Flames to Hope started when Kelly King and her husband, Ron, decided to march with their miniature horse, Trigger, in a parade. They had such a great response that they wanted to share Trigger and their other mini horse, Reba, with more people. They decided to start with people who might not normally be able to get out to interact with animals, and brought their two mini horses into a nursing home in Noble, OK.
One of the staff members remarked that it was a perplexing sight to see a horse roaming the halls of their care facility, but the joy that Reba and Trigger brought to the residents was amazing. Kelly says that the horses took right to it, particularly Reba, who would not let a resident walk by without at least giving her a pat on the head. Since then, Flames to Hope has expanded greatly.

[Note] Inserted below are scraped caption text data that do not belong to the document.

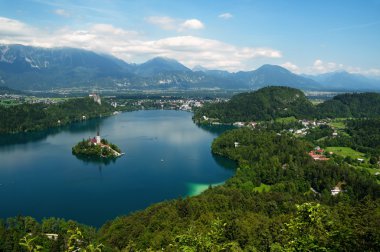 Panoramik bled Gölü ve St Mary Kilisesi varsayım .
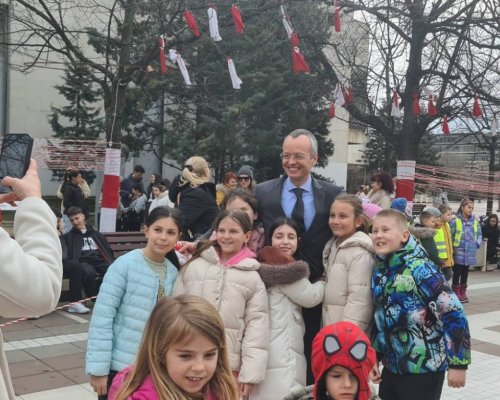 С атрактивен флашмоб под надслов Баба Марта стотици деца изненадаха жителите и гостите на Благоевград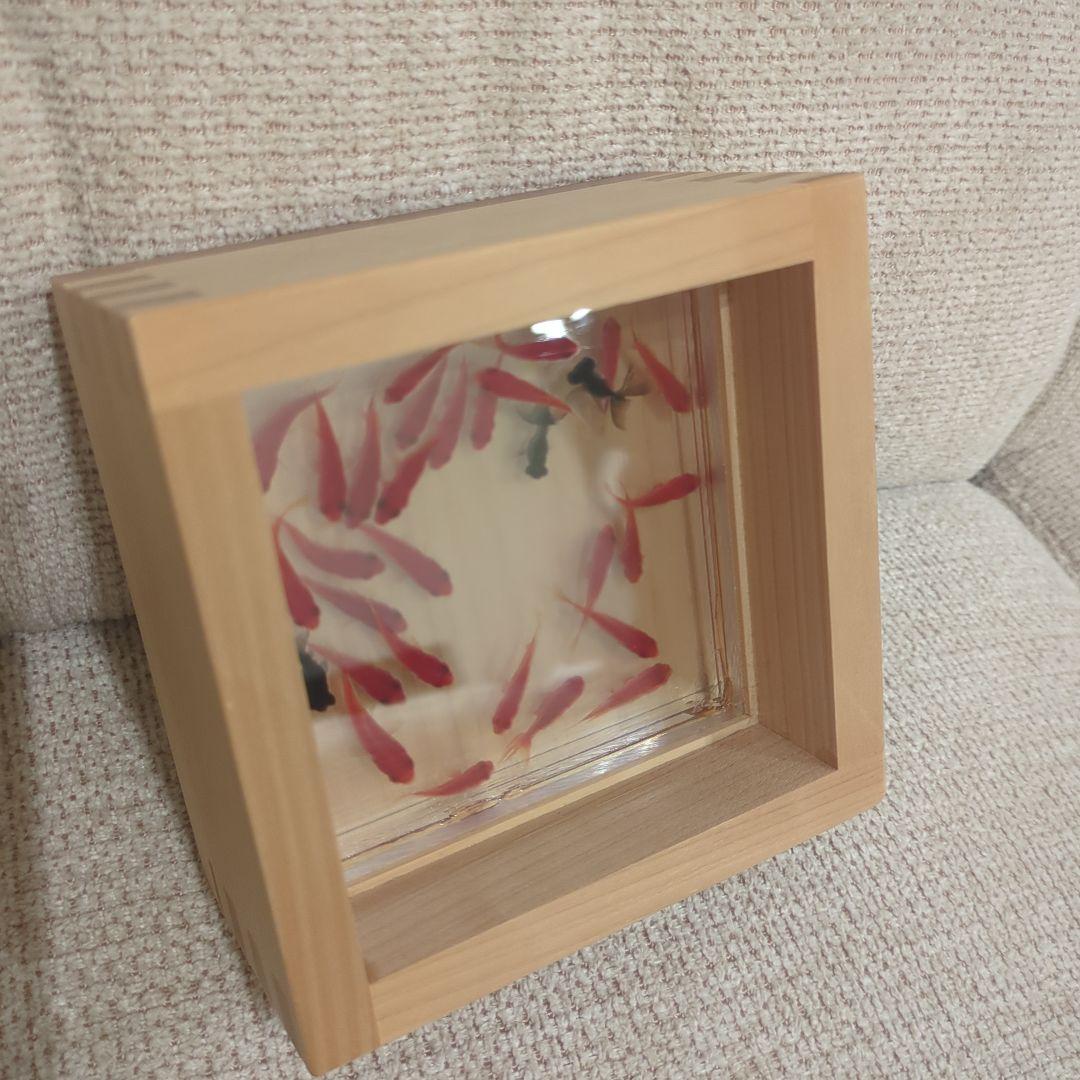 金魚デザインの木製　アクリルアート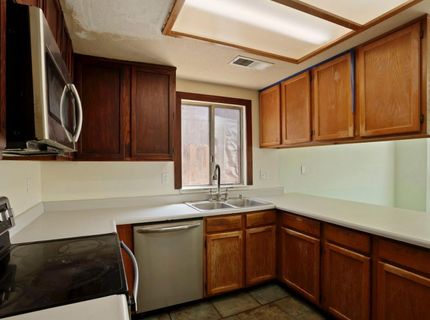 1204 Dezzani Ln, Modesto, CA 95358 Photo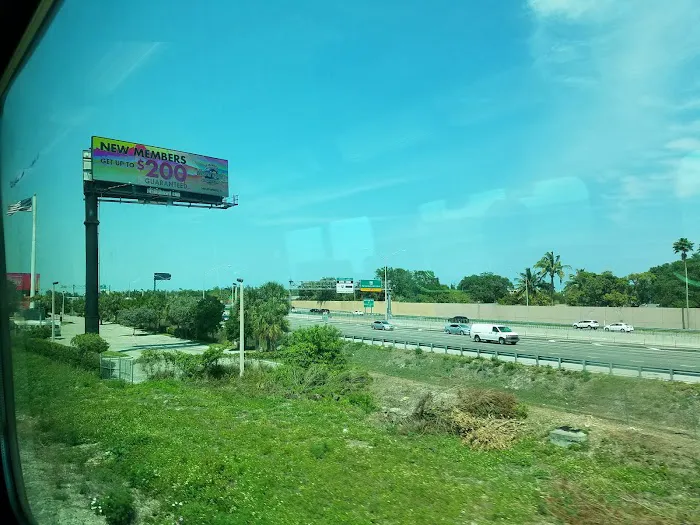 Pembroke Park Lakes Mobile Picture 5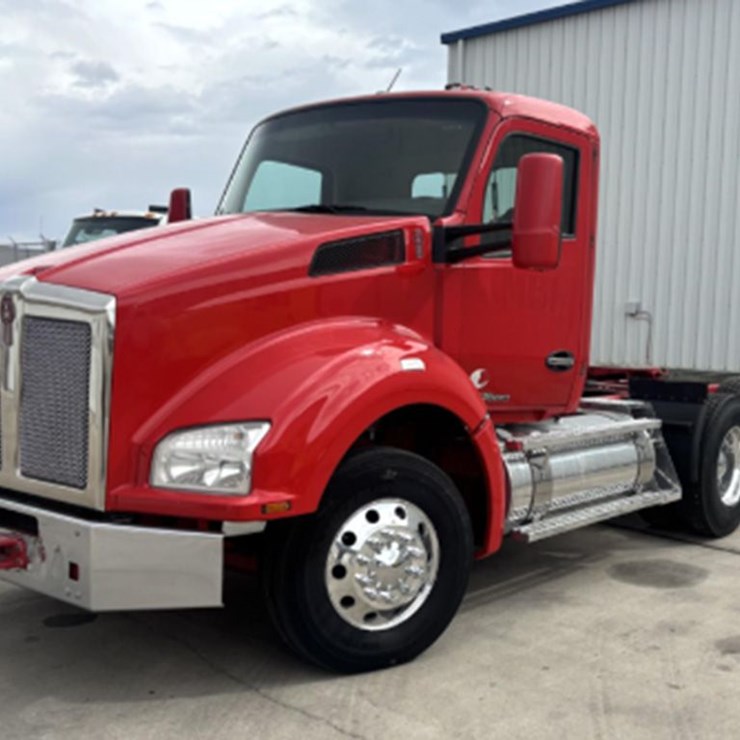 2016 KENWORTH T880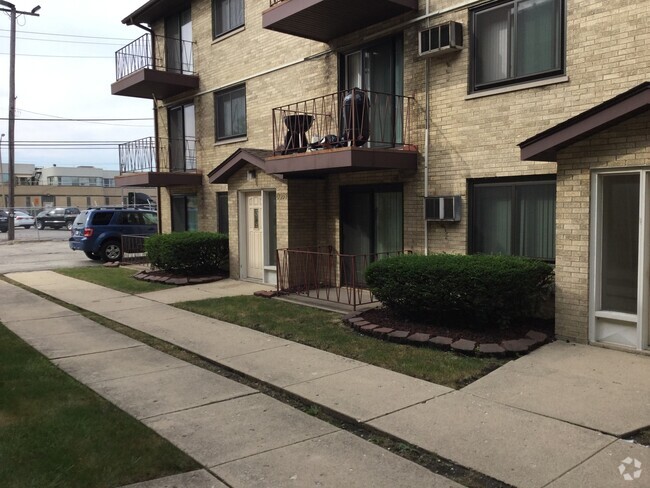 Building Photo - 6049 W 64th Pl Unit 8 Rental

Kelly and Ron have sectioned off part of their property to create an on-site facility where people can come out to interact with their horses. They’ve also taken in a lot more horses. Kelly says that the space has become a defacto miniature horse sanctuary, bringing in miniatures that need a home from all around the surrounding area. It’s good that they’ve brought in so many, because the minis have a lot of jobs to do.
Flames to Hope still visits care facilities with their Hope and Honor program, serving more than 80 across Oklahoma, but now they also have room for guests to visit them on site. Their Navigating Life program helps people of all ages who have experienced emotional trauma, have mental disabilities, or struggle with substance abuse. Their Read at Ease program gives kids who struggle with reading a chance to read in a non-judgemental environment to miniature horses. The people and horses at Flames to Hope even offers team-building workshops through their Tactical Teamwork program.
When Trigger first marched in that parade, no one expected any of this to happen, let alone Kelly and Ron. They serve so many people. The miniature horses of Flames to Hope are role models for us to look up to, which is impressive since most of them are barely over three feet tall.